Whatever precedes the line containing "Дънна платка BIOSTAR B560MX-E PRO AX WI-FI 6" is not copied; that line and every line after it through the final one below are copied exactly, except pictures.

++++ GIVEN ENTRIES ++++

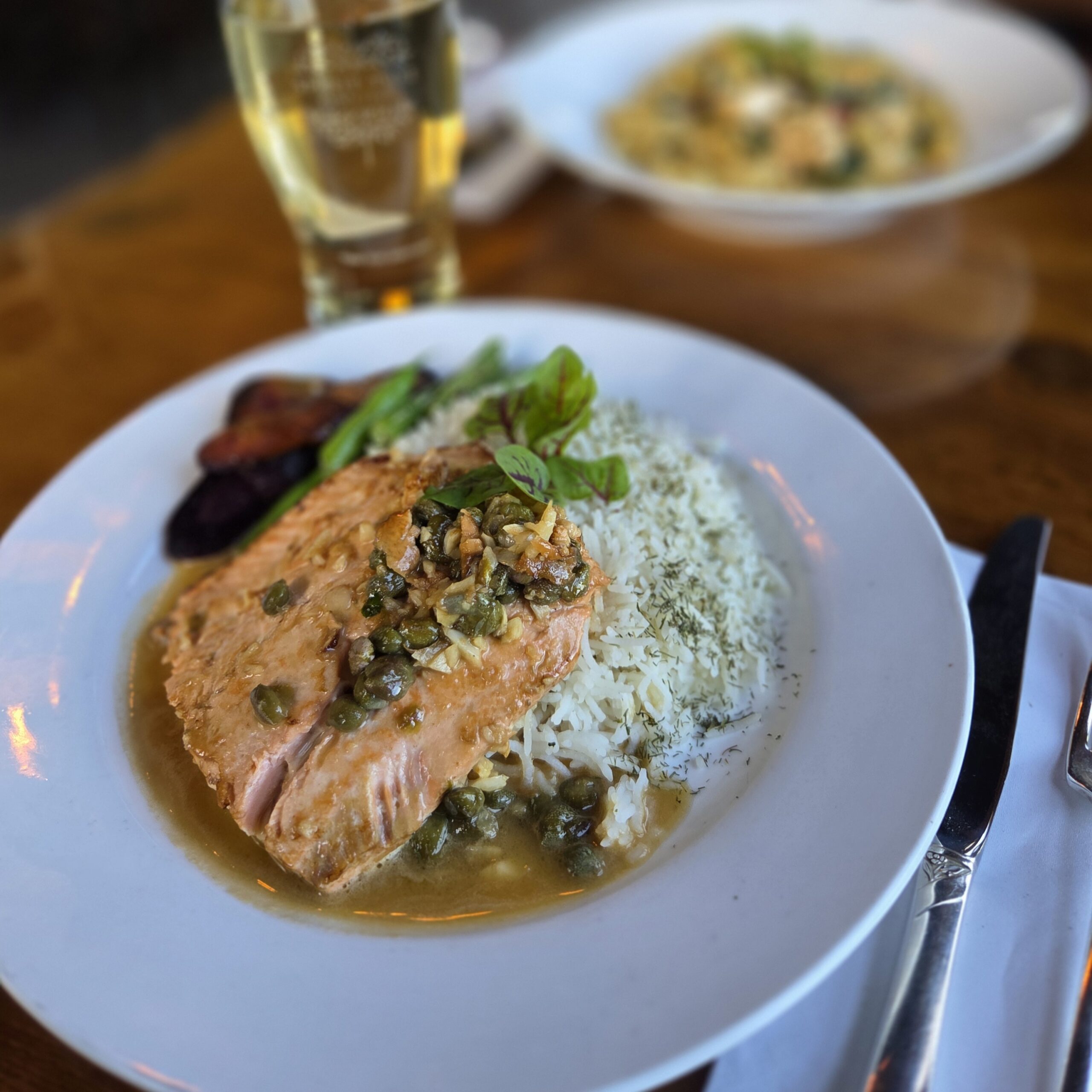 Salmon Piccata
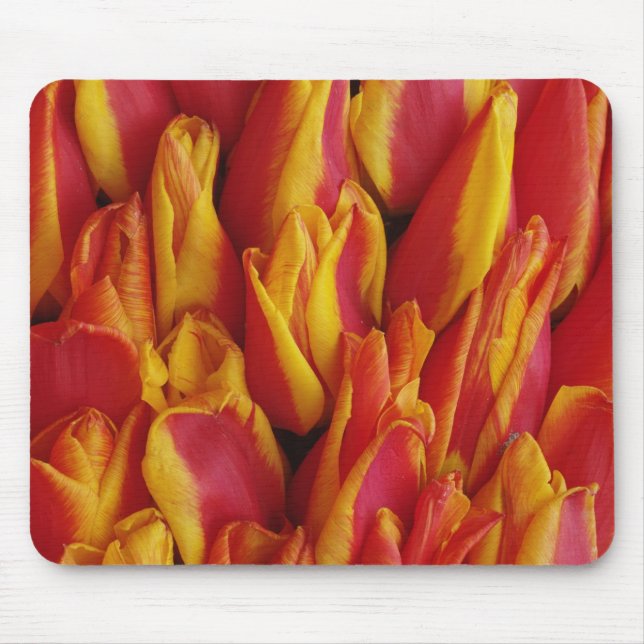 Flowers on float celebrating Queen's Day, a Mouse Mat (Front)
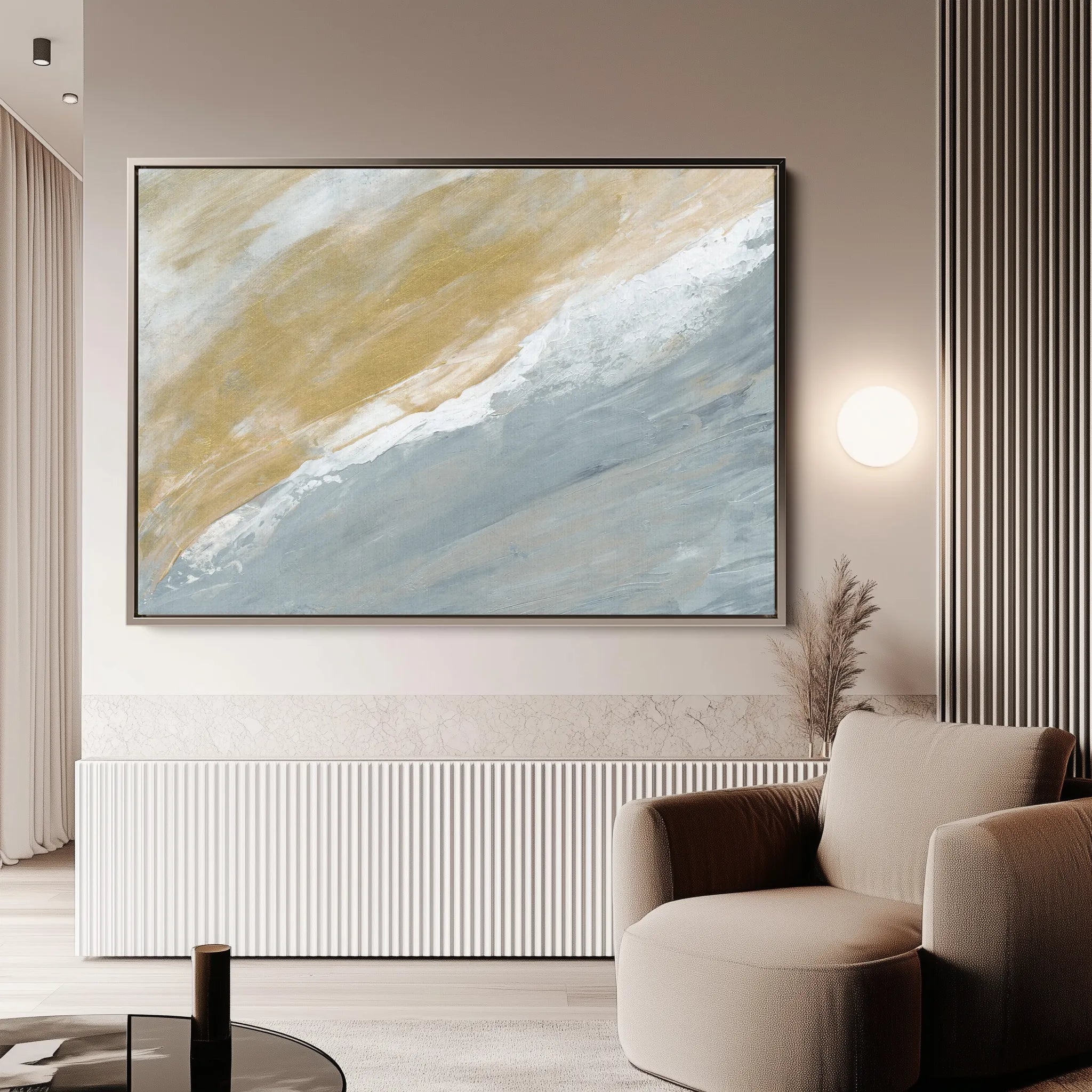 Abstract 213 Canvas Art 60 x 40 cm / Black
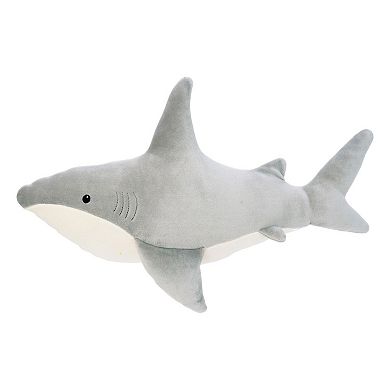 Manhattan Toy Snarky Sharky Velveteen Sea Life Toy Shark Stuffed Animal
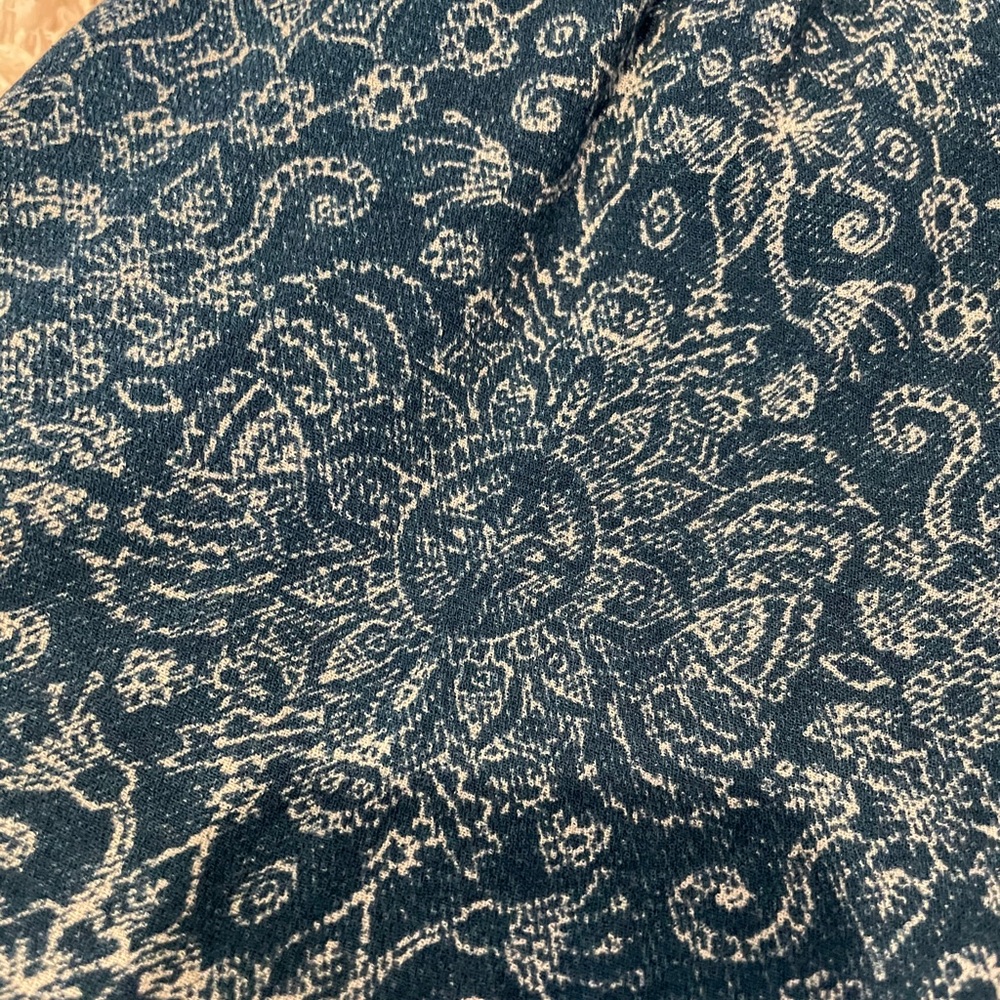 Adorable Blue Patterned Romperopen Back - image 3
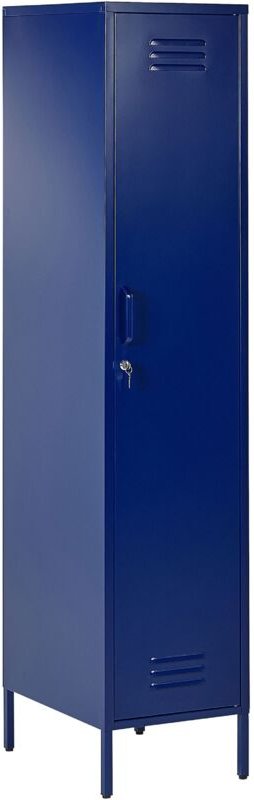 Büroschrank FROME Metall Marineblau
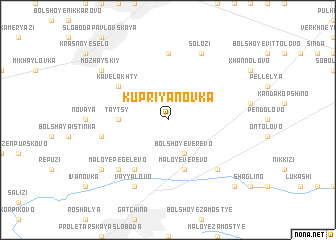 map of Kupriyanovka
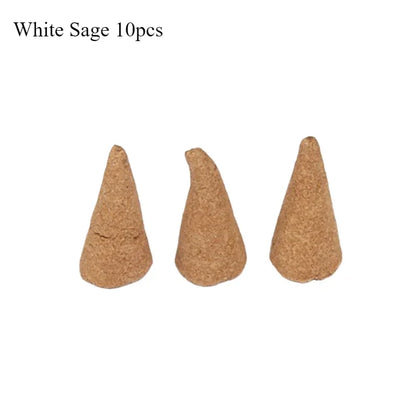 Palo Santo Wood White Sage Natural Incense Cones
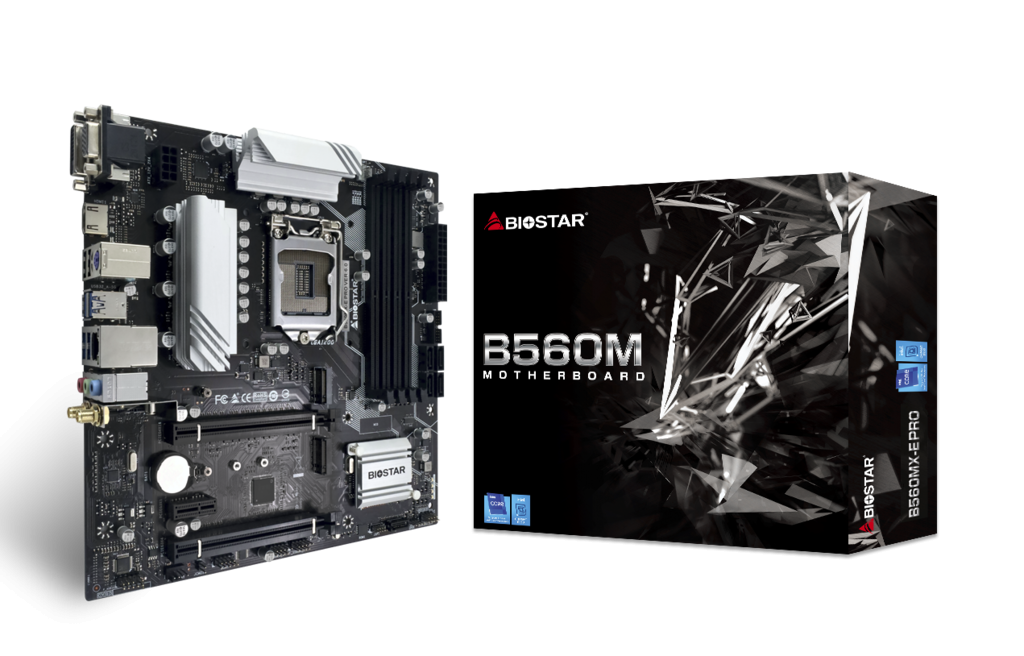 Дънна платка BIOSTAR B560MX-E PRO AX WI-FI 6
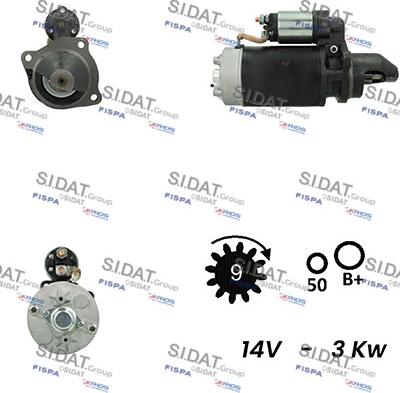 Sidat S12BH0270A2 - Démarreur cwaw.fr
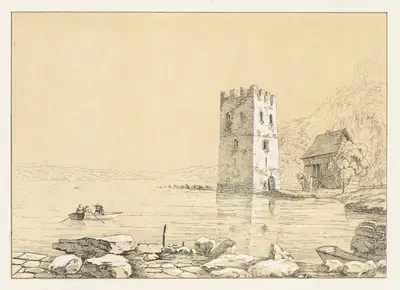 Станцштад by Иоганн Фридрих Вагнер, 1840-1844 — digital art print download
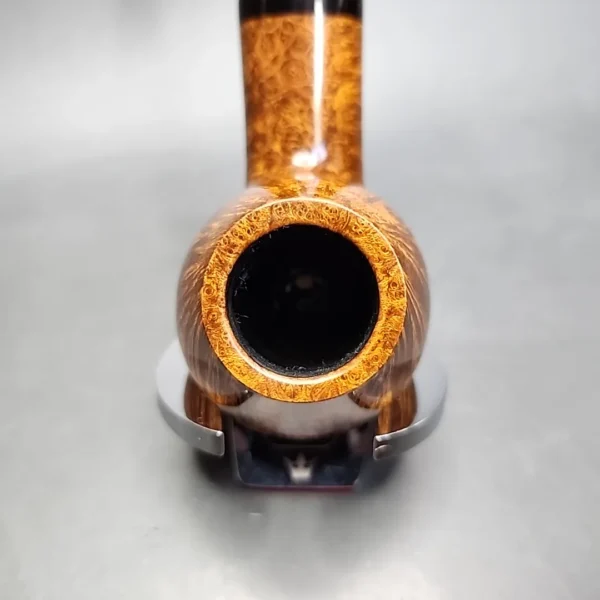 2015 Scott Klein Handcrafted Smooth Bent Brandy Estate Briar Pipe, Unsmoked [SOLD] - Image 5
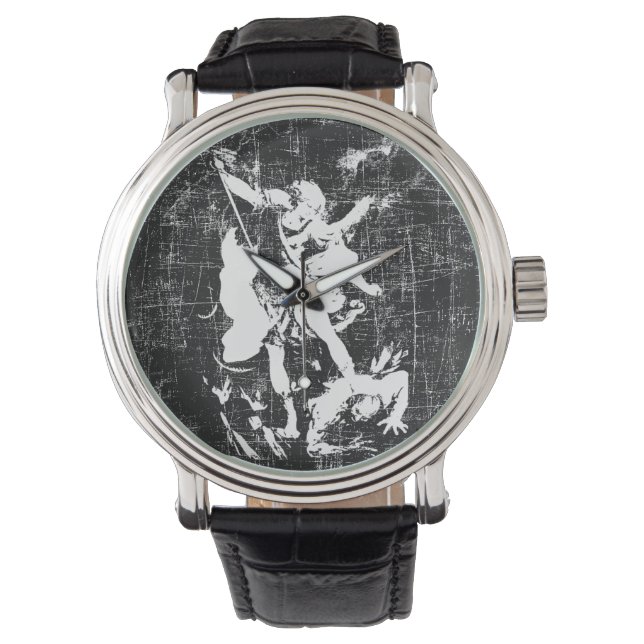 Archangel Michael Two-Tone Horloge (Voorkant)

++++

* TASK OUTPUT:
 Дънна платка BIOSTAR B560MX-E PRO AX WI-FI 6
 Sidat S12BH0270A2 - Démarreur cwaw.fr
 Станцштад by Иоганн Фридрих Вагнер, 1840-1844 — digital art print download
 2015 Scott Klein Handcrafted Smooth Bent Brandy Estate Briar Pipe, Unsmoked [SOLD] - Image 5
 Archangel Michael Two-Tone Horloge (Voorkant)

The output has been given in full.